As I’ve noted in previous articles (listed at the end of this piece) I find Heylin’s volumes more a reflection of Heylin, his knowledge (and in parts his lack of knowledge – or at least understanding) of the way a creative artist creates, than a useful study of Dylan’s work. And the more I read volume 2, the more it makes me realise just how few people have tackled the issues of creativity, life, events and Dylan, as a whole. And it is the thought that a fundamental issue in relation to Dylan’s work is missing from Heylin’s account that leads me to keep reading what I find to be a rather turgid volume 2, (and then write my view of where Heylin has got it so wrong!)

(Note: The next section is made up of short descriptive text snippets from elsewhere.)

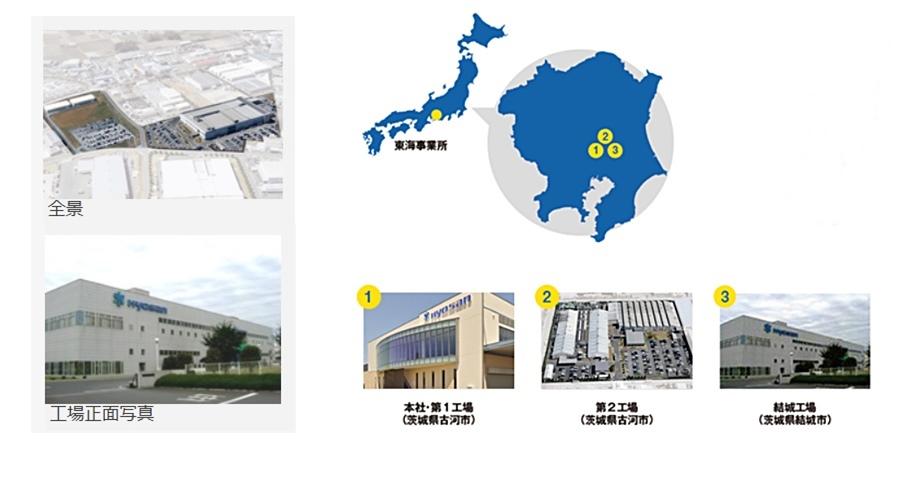 結城工場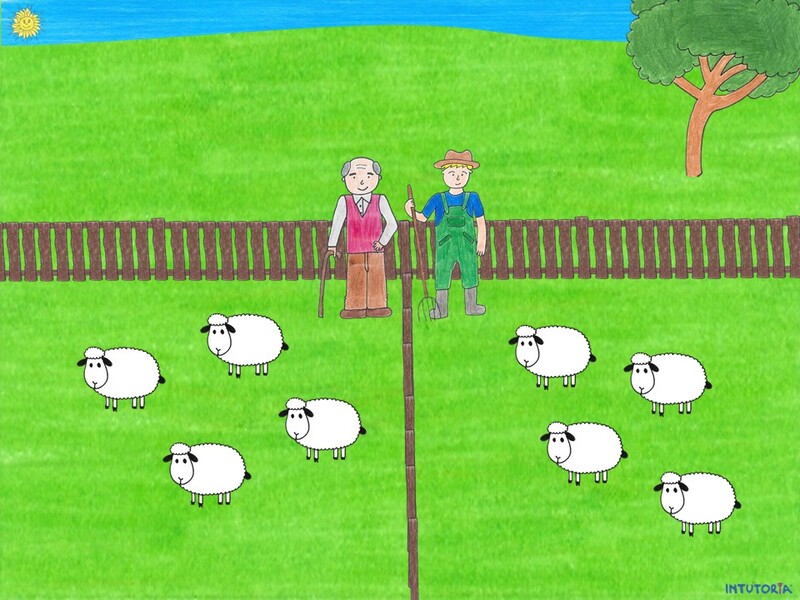 Spiel 6 - Teile auf!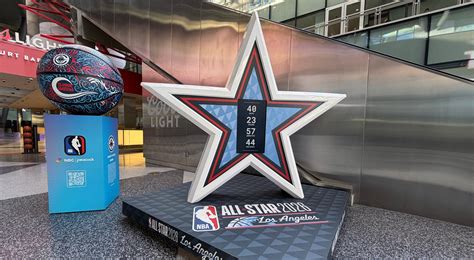 NBA All-Star Weekend 2026: Here’s the Complete Roster of Team USA Stripes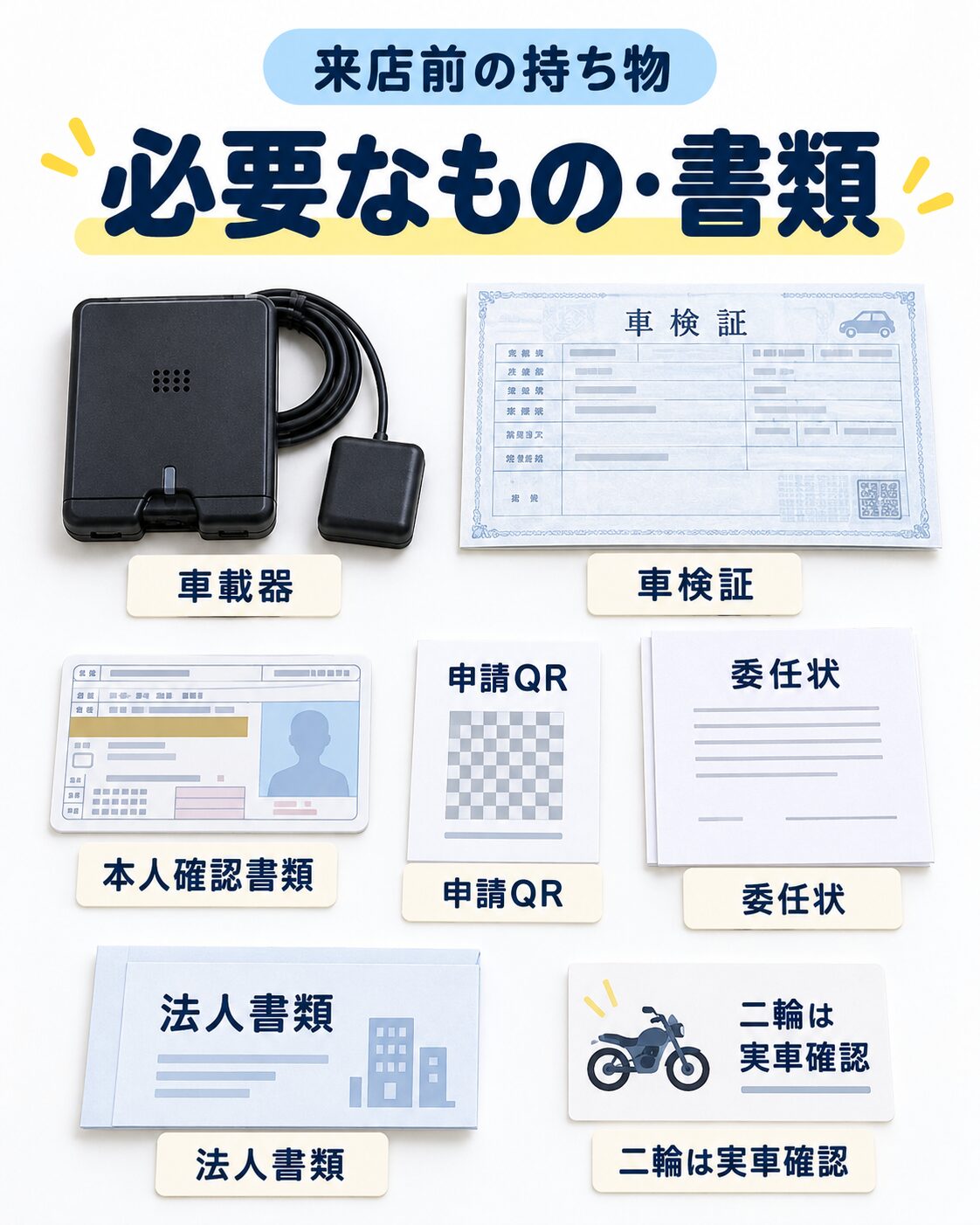 セットアップに必要なもの・書類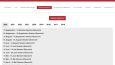 Uluslararası Hizmet Veren CRM ve Web Sitesi Geliştirme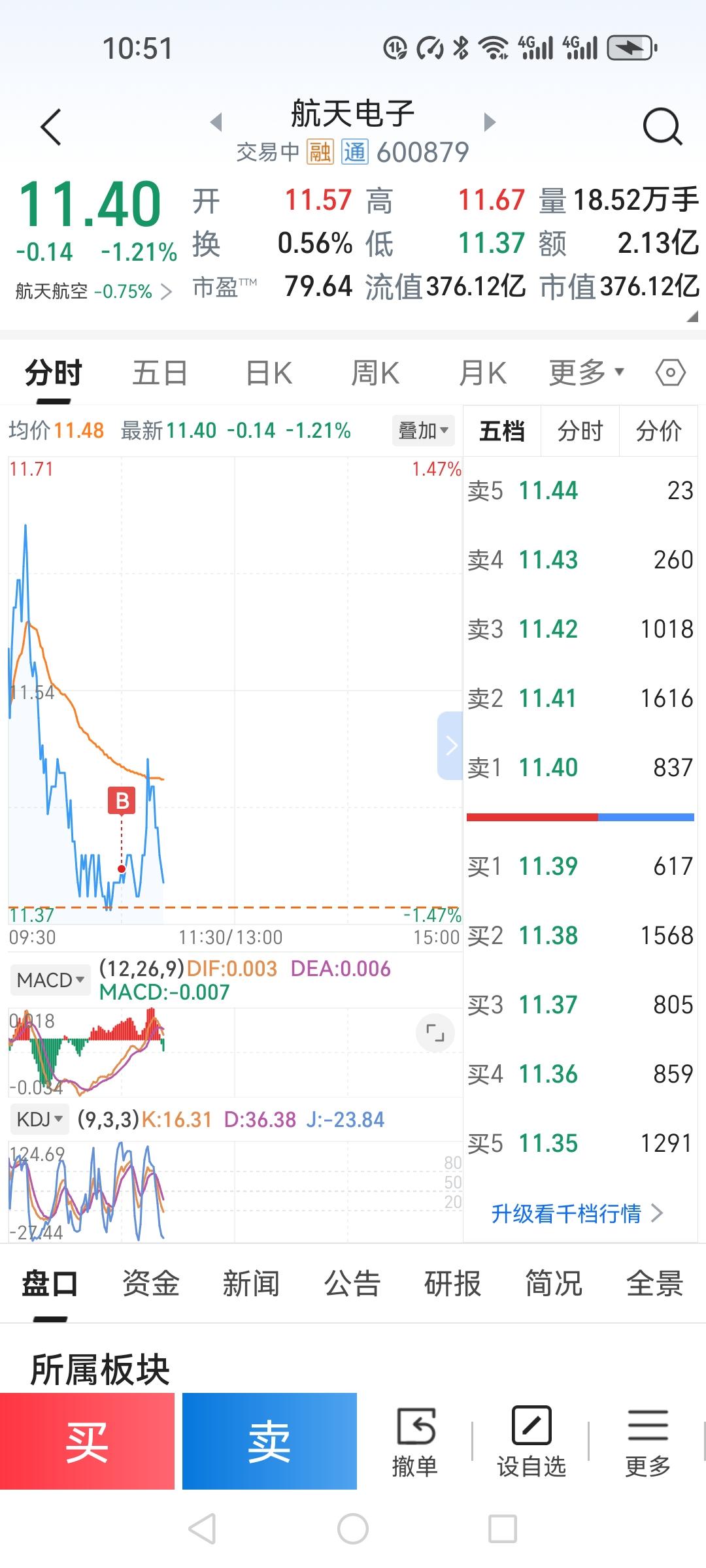 刚刚真是手贱，本想11.39买入航天电子，结果误点11.49，结果立马11.40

So in a real sense I am very grateful to Heylin for he has, in writing what I think are two pretty awful volumes, highlighted the key issue that is missing from so much discussion on Dylan: the issue of creativity. Hence I am continuing with this series, while at the same time contemplating writing a series here specifically on Bob Dylan’s creativity. Perhaps more of that later.
A list of the previous rambling articles in this series is printed at the end of this piece.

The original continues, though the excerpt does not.